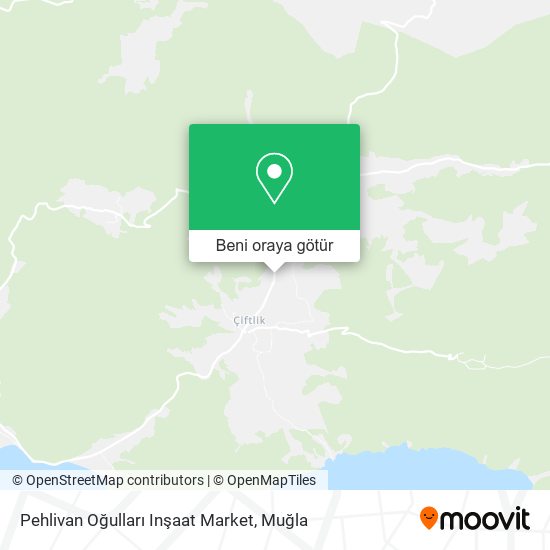 Pehlivan Oğulları Inşaat Market harita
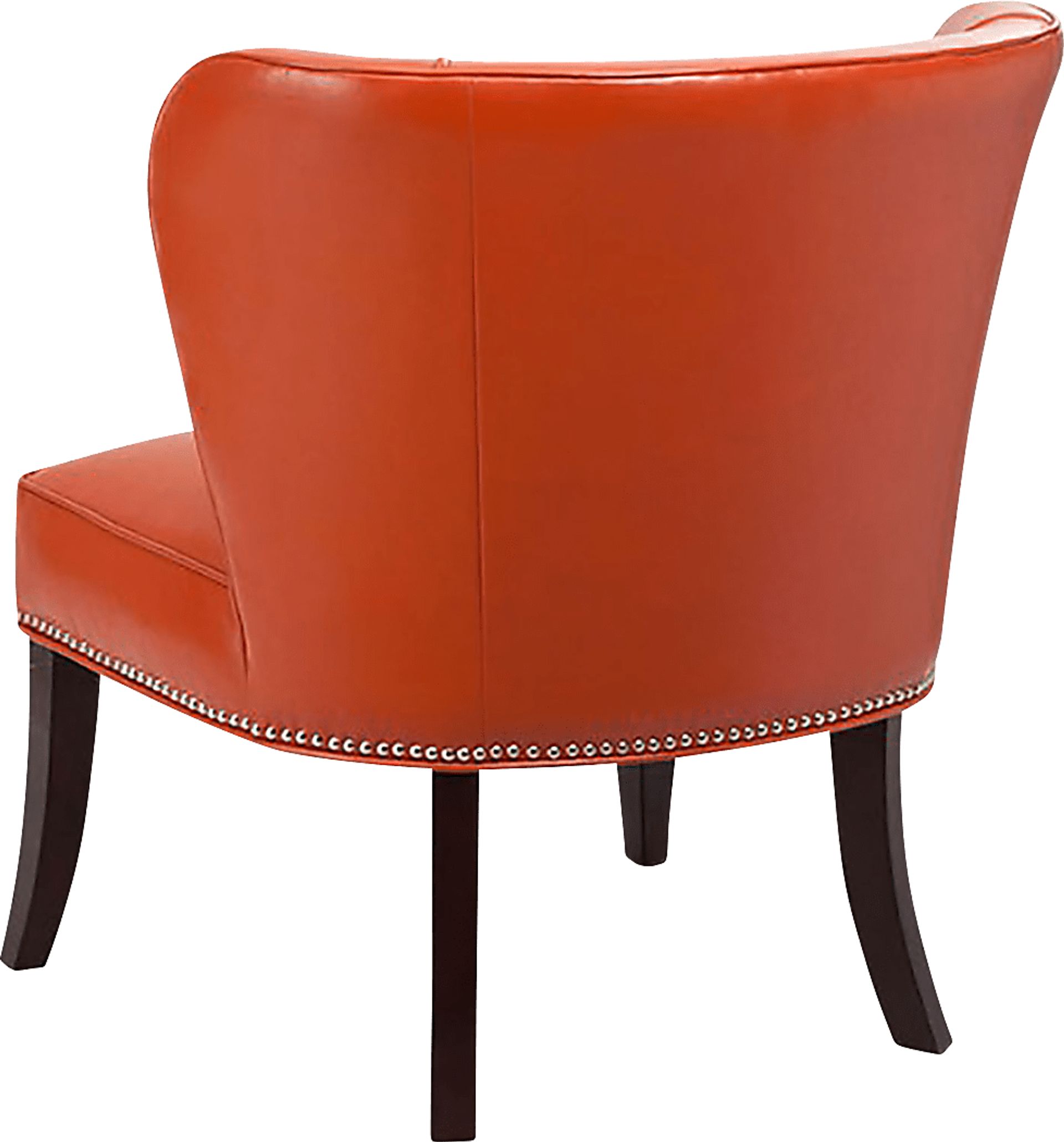 Wallach Orange Armless Accent Chair - Image 5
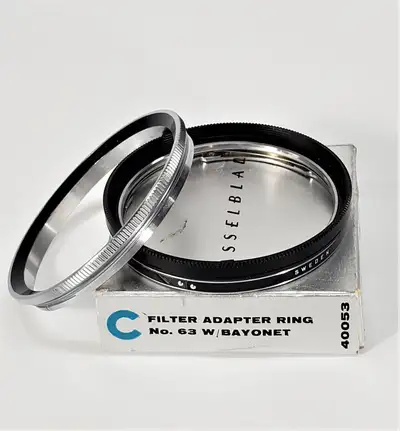 Individually priced or all items for $100 Hasselblad Step-Up Ring B50-63 No 40053 -$50 Hasselblad Fi...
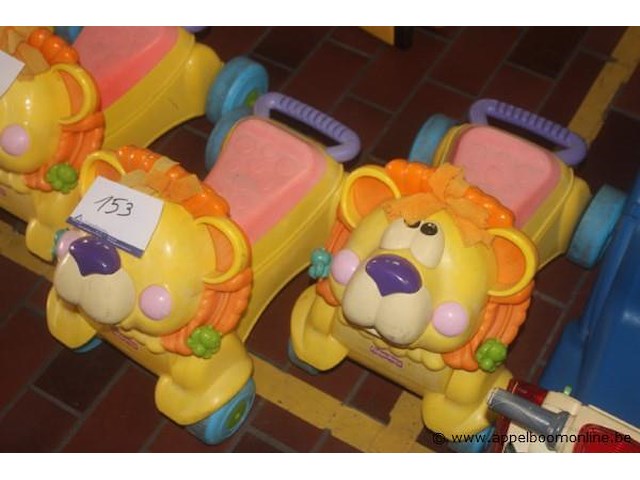 2 pvc loopwagentjes - afbeelding 1 van  1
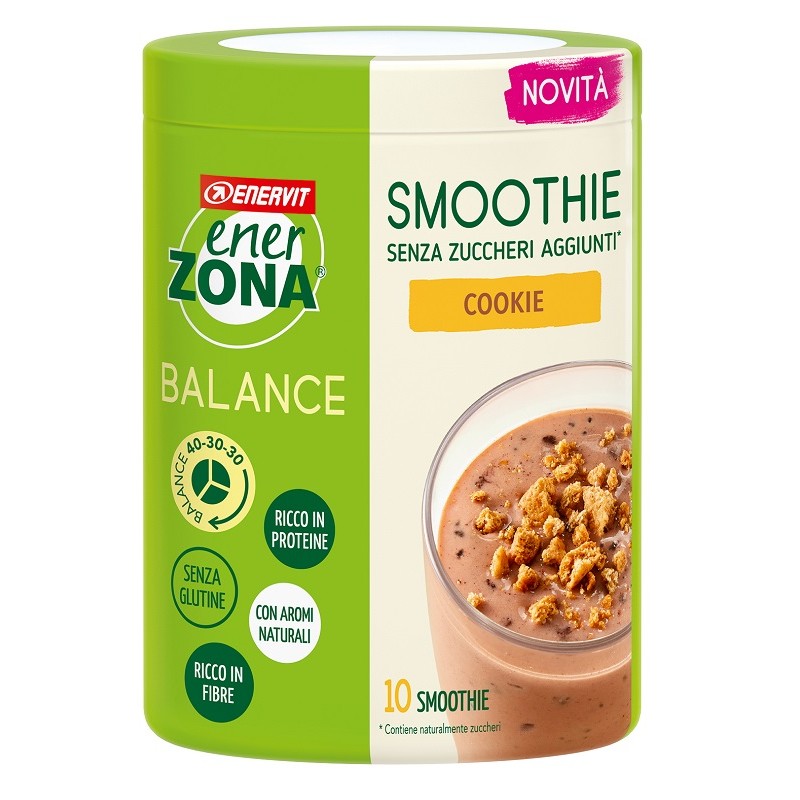 barattolo di Enervit Enerzona Balance Smoothie Cookie Senza Zuccheri 300g barattolo di Enervit Enerzona Balance Smoothie Cookie Senza Zuccheri 300g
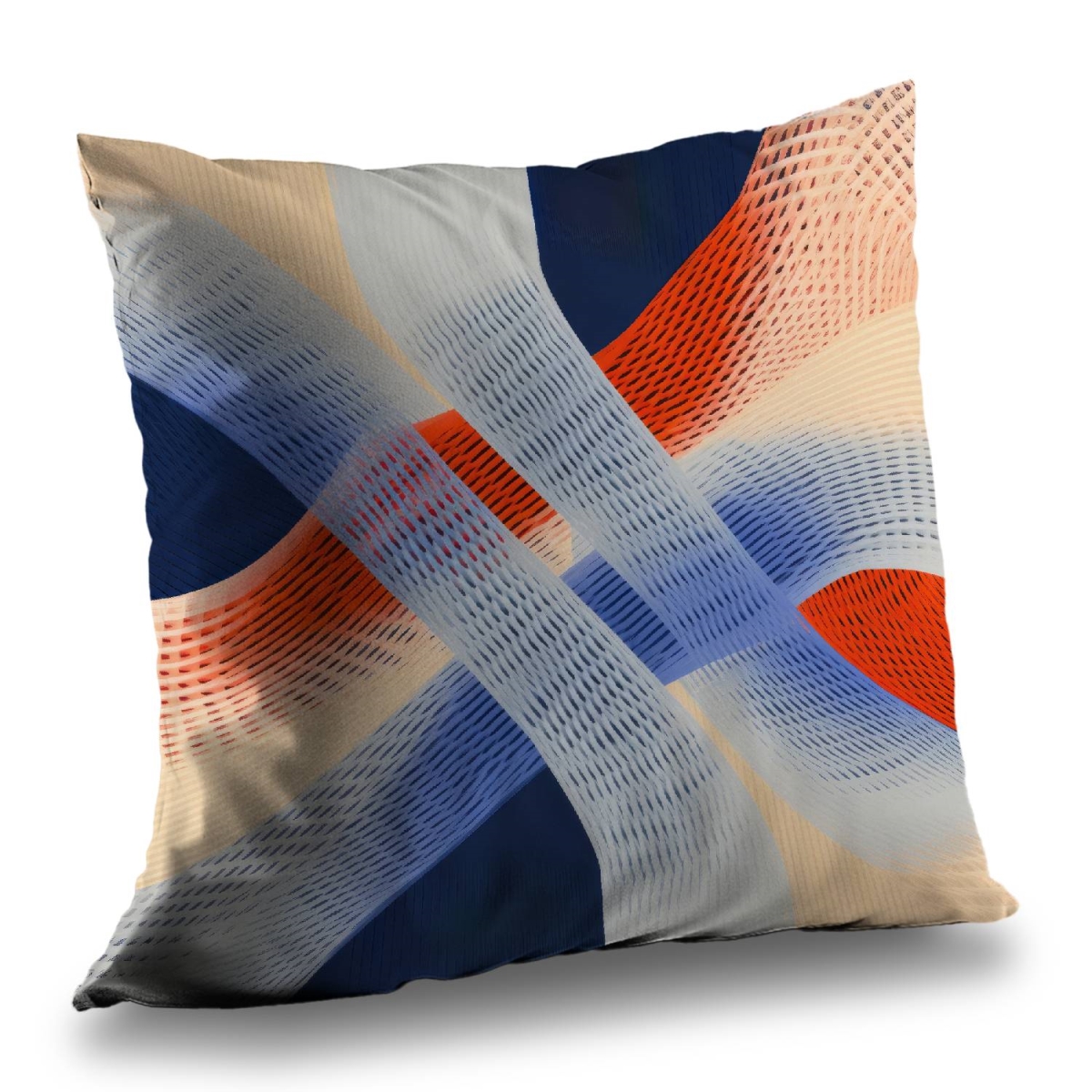 Concius Sales C1PC1414X1RAX4 14 x 14 in. Abstract Threading Poly Twill Throw - Stylish Home Decor - Insert NOT included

Exercise description: Each entry must be reproduced word for word, and any image among them left out.

Solution for this task:
 Pehlivan Oğulları Inşaat Market harita
 Wallach Orange Armless Accent Chair - Image 5
 Individually priced or all items for $100 Hasselblad Step-Up Ring B50-63 No 40053 -$50 Hasselblad Fi...
 2 pvc loopwagentjes - afbeelding 1 van  1
 barattolo di Enervit Enerzona Balance Smoothie Cookie Senza Zuccheri 300g barattolo di Enervit Enerzona Balance Smoothie Cookie Senza Zuccheri 300g
 Concius Sales C1PC1414X1RAX4 14 x 14 in. Abstract Threading Poly Twill Throw - Stylish Home Decor - Insert NOT included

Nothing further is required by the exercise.